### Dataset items
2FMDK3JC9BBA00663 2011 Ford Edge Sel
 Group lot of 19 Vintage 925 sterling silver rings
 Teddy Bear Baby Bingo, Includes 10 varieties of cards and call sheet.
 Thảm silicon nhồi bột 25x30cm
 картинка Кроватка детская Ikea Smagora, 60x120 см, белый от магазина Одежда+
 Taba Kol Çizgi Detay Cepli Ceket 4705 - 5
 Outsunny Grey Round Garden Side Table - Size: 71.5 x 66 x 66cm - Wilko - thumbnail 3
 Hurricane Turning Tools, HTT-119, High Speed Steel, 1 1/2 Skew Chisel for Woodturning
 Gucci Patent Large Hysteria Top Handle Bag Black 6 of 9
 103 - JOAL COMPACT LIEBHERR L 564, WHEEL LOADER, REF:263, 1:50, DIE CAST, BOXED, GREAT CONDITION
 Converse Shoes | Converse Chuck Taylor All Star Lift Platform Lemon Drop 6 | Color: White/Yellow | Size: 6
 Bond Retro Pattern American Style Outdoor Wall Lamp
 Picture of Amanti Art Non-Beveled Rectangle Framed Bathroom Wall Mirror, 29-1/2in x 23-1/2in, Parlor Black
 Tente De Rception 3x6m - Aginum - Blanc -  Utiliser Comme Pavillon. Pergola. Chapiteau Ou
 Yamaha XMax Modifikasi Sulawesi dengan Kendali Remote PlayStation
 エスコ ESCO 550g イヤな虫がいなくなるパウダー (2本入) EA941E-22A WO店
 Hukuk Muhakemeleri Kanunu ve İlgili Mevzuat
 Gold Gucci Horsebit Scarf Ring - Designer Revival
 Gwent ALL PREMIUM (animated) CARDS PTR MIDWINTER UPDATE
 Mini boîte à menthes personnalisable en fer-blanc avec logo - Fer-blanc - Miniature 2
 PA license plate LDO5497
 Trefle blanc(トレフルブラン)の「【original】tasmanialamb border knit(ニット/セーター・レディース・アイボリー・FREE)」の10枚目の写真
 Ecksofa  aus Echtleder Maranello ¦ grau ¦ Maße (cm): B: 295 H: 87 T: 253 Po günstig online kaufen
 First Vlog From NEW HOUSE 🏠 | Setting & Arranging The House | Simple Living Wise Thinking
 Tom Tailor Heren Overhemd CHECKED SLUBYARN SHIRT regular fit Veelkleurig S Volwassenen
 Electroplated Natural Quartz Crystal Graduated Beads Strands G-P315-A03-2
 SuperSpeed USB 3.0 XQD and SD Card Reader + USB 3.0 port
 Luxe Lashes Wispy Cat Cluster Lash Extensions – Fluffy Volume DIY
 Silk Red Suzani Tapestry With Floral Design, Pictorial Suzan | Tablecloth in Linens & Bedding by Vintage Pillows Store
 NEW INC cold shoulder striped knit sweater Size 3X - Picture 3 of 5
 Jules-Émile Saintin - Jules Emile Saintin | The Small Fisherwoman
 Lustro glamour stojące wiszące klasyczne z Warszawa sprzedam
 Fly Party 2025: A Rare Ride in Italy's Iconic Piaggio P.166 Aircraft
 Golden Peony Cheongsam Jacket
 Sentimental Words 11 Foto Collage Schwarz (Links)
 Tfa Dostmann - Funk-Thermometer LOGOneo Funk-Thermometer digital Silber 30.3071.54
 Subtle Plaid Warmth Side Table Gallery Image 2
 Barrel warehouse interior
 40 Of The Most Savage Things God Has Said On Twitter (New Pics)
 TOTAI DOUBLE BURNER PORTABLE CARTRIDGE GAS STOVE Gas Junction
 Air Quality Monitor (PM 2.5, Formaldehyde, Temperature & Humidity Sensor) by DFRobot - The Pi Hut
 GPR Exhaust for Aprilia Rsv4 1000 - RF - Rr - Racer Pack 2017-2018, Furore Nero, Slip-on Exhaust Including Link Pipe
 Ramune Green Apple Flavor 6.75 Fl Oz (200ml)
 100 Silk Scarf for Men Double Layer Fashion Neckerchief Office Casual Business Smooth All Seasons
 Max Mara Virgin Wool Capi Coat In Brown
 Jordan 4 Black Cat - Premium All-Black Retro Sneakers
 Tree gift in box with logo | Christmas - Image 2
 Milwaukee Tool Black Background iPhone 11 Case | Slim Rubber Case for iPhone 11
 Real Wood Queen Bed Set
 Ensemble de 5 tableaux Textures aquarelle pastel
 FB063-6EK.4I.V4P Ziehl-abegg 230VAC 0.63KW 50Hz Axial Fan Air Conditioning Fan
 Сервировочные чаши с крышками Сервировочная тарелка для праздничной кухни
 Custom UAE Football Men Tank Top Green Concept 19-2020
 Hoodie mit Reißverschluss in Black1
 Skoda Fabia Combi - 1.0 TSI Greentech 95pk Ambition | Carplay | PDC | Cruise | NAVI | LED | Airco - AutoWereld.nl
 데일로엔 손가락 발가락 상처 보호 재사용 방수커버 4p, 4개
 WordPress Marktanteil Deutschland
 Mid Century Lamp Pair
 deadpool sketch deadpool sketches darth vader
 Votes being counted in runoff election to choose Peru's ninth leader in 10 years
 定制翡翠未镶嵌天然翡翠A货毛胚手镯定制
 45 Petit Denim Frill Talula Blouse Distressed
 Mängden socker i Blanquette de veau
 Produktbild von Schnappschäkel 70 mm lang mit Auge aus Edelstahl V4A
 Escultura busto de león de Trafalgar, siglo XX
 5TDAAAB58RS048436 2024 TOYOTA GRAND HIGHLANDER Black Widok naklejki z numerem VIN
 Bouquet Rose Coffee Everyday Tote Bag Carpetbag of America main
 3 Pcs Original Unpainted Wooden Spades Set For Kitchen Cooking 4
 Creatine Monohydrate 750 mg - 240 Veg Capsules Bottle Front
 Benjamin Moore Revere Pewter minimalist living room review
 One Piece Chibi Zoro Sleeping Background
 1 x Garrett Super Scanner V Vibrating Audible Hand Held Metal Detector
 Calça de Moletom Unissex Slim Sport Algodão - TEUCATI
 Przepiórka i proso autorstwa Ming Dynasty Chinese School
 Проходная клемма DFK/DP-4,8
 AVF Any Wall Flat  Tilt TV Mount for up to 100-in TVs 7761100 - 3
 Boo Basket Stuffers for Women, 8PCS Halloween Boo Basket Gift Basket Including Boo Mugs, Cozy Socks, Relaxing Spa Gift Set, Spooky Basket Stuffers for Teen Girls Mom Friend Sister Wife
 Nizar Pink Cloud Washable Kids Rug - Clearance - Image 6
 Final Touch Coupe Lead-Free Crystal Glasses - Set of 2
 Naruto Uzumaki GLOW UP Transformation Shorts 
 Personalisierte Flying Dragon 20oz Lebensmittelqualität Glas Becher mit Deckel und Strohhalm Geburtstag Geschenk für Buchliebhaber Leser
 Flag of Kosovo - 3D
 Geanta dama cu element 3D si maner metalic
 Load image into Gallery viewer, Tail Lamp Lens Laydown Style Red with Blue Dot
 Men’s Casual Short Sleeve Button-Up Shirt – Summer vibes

### TASK BRIEF
Retype exactly the lines above, from the one with "Gwent ALL PREMIUM" through the one with "günstig online kaufen", inclusive.

### OUTPUT FOR THIS TASK
 Gwent ALL PREMIUM (animated) CARDS PTR MIDWINTER UPDATE
 Mini boîte à menthes personnalisable en fer-blanc avec logo - Fer-blanc - Miniature 2
 PA license plate LDO5497
 Trefle blanc(トレフルブラン)の「【original】tasmanialamb border knit(ニット/セーター・レディース・アイボリー・FREE)」の10枚目の写真
 Ecksofa  aus Echtleder Maranello ¦ grau ¦ Maße (cm): B: 295 H: 87 T: 253 Po günstig online kaufen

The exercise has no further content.